Der Lockdown habe dem Ansehen der Russisch-orthodoxen Kirche (ROK) als einem vom Handeln der weltlichen Behörden unabhängigen Institut wesentlichen Schaden zugefügt. Zu solch einem Fazit gelangten Forscher der Agentur für strategische Kommunikation (ASK), die nach der Analyse des Einflusses der Pandemie und Quarantänemaßnahmen auf die ROK einen Report zu den Ergebnissen vorbereitet haben.
Die Autoren sind der Auffassung, dass gerade COVID-19 all jene Probleme aufgedeckt habe, über die man im Moskauer Patriarchat lange Zeit hinüberwegzusehen versucht habe.
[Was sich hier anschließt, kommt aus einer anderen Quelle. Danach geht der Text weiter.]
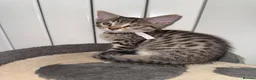 Mixed Breed cats for sale: British Mix Kittens 2 Boys 4 Girls - Advert 8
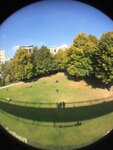pic_44005.png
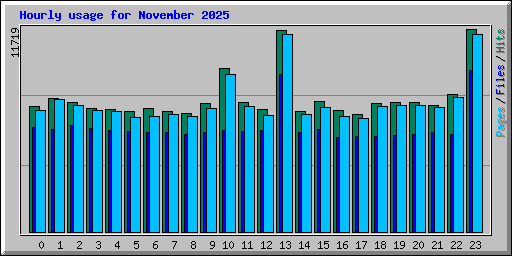 Hourly usage for November 2025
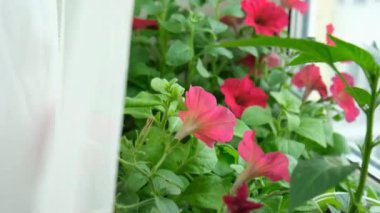 Çiçekler, evdeki pencere eşiğinde saksılarda petunya fideleri. Saksıda yetişen kırmızı çiçekli bir sürü küçük yeşil bitki. Serada bebek bitkileri ekiliyor. Bahçe tohumları konsepti. Bahar bahçesi işi.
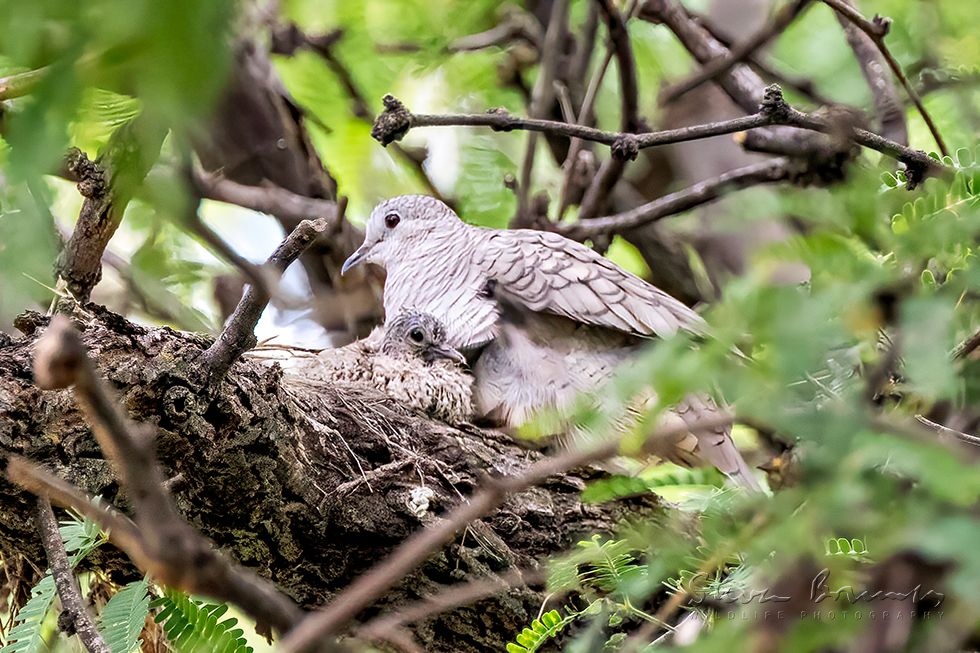 Inca Dove (Columbina inca)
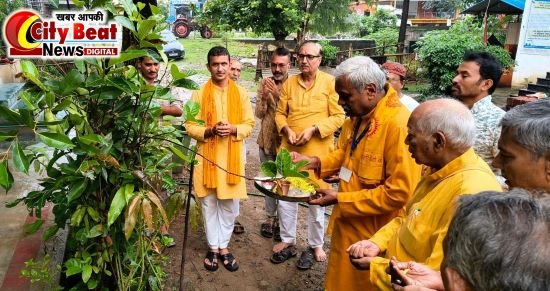 वृक्ष गंगा अभियान अंतर्गत पौधारोपण सम्पन्न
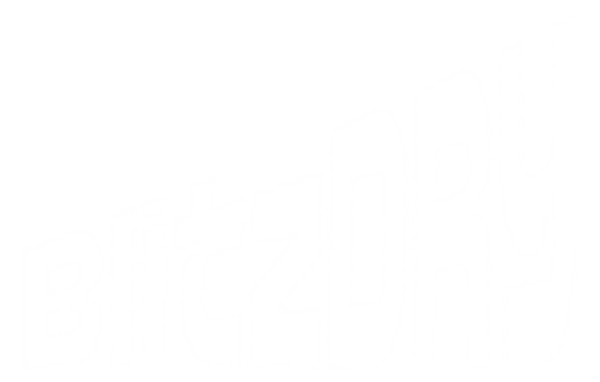 BlitzDRY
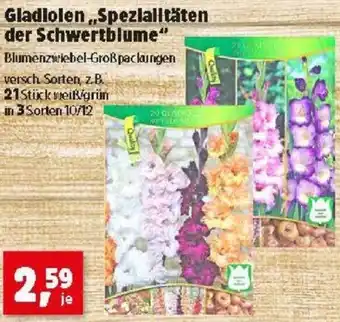 Thomas Philipps Gladiolen Spezialitäten der Schwertblume Angebot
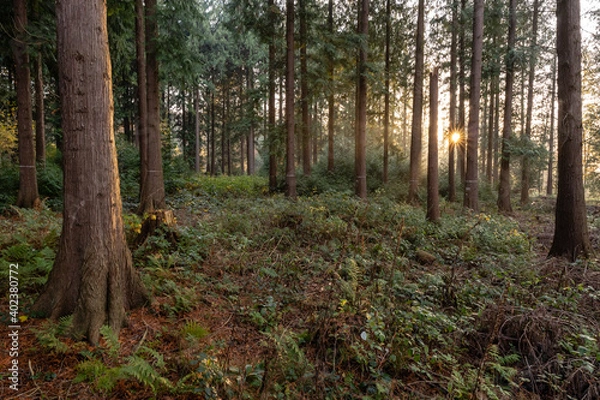 Fototapeta Nebelwald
Und deshalb „wird die ROK mit dem Herauskommen aus der Pandemie in die Ära einer ernsthaften Kirchenkrise kommen, die sowohl an der äußeren, bemerkbareren Kontur als auch im Innern verlaufen wird“. Als äußere Kontur wird die Gestaltung der Wechselbeziehungen zwischen der religiösen Organisation und dem Staat bezeichnet, als innere – die Diskrepanz zwischen der „Machtpartei“ und den Kirchen-„Dissidenten“.
Im ersten Fall wird als wichtigster und hauptsächlichster Fehler der orthodoxen Hierarchen das ursprüngliche Ignorieren der Forderungen der weltlichen Behörden durch den Klerus, die notwendigen Maßnahmen zur Prophylaxe einer Ansteckung einzuhalten, genannt. „Am 26. März 2020 hatte die Arbeitsgruppe beim Patriarchen die Empfehlungen der Zivilbehörden Moskaus und des Moskauer Verwaltungsgebietes für die Bürger, „auf den Besuch religiöser Objekte zu verzichten“, kommentiert. In dem Kommentar war gesagt worden, dass „die pastorale Pflicht des Klerus in vollem Umfang hinsichtlich all jener gläubigen Menschen wahrgenommen wird, die es für sich in der gegenwärtigen schweren Zeit für notwendig halten, für ein Gebet für ihre Nächsten und für unser Volk in die Kirche zu kommen“. Am 3. April 2020 wandte sich Patriarch Kirill mit einer Botschaft an die hochwürdigen Oberhirten, Priester, die Mönche und Nonnen sowie Laien der Diözesen auf dem Territorium der Russischen Föderation. In der Botschaft hatte der Patriarch aufgerufen, „weiter sehr eifrig Gottesdienste zu zelebrieren“. Wie die weiteren Ereignisse zeigten, hatte sich der Patriarch wie auch das Oberhaupt der weltlichen Macht von einer zentralisierten Klärung des Zusammenwirkens mit den staatlichen Behörden bezüglich der Pandemie-Fragen selbst distanziert, wobei er den Erzbischöfen der Metropolen und Diözesen überlassen hatte, selbst die Probleme mit den Behörden der Subjekte der Russischen Föderation zu lösen“, heißt es in der Untersuchung.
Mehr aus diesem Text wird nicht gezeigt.